→ What you will do
Set the pictures aside and write down, exactly as they appear, the lines from the one containing "Property photo 2 of 16 Picture No. 01" through the end of the material.
Start of Available data
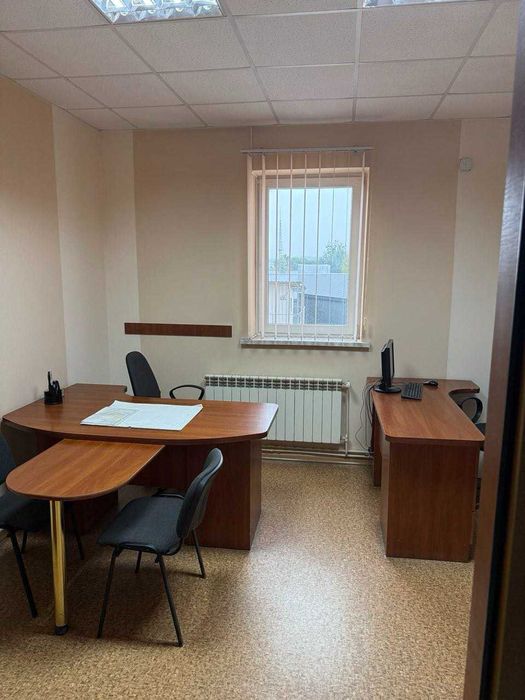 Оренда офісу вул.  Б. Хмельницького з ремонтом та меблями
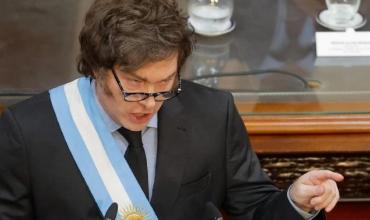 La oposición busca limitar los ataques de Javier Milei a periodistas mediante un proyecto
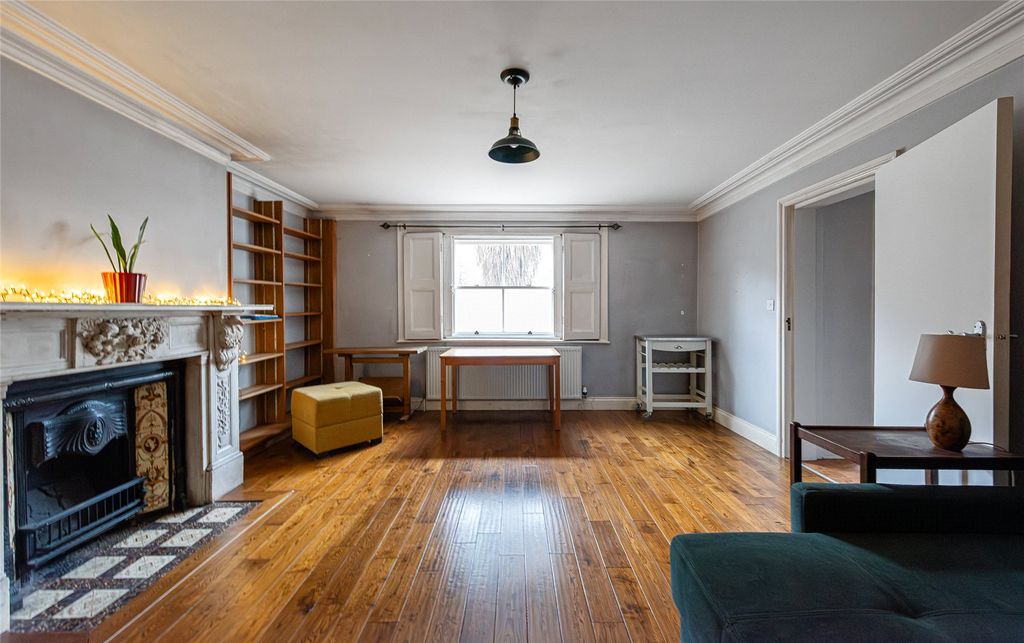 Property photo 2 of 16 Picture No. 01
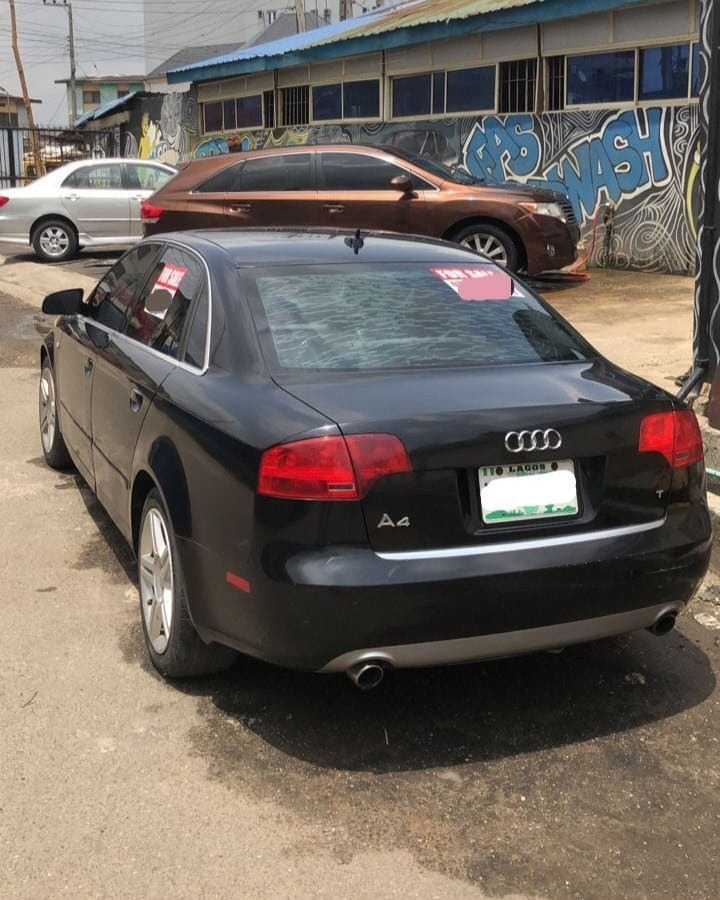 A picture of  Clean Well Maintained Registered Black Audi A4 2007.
End of Available data
→ Response
 Property photo 2 of 16 Picture No. 01
 A picture of  Clean Well Maintained Registered Black Audi A4 2007.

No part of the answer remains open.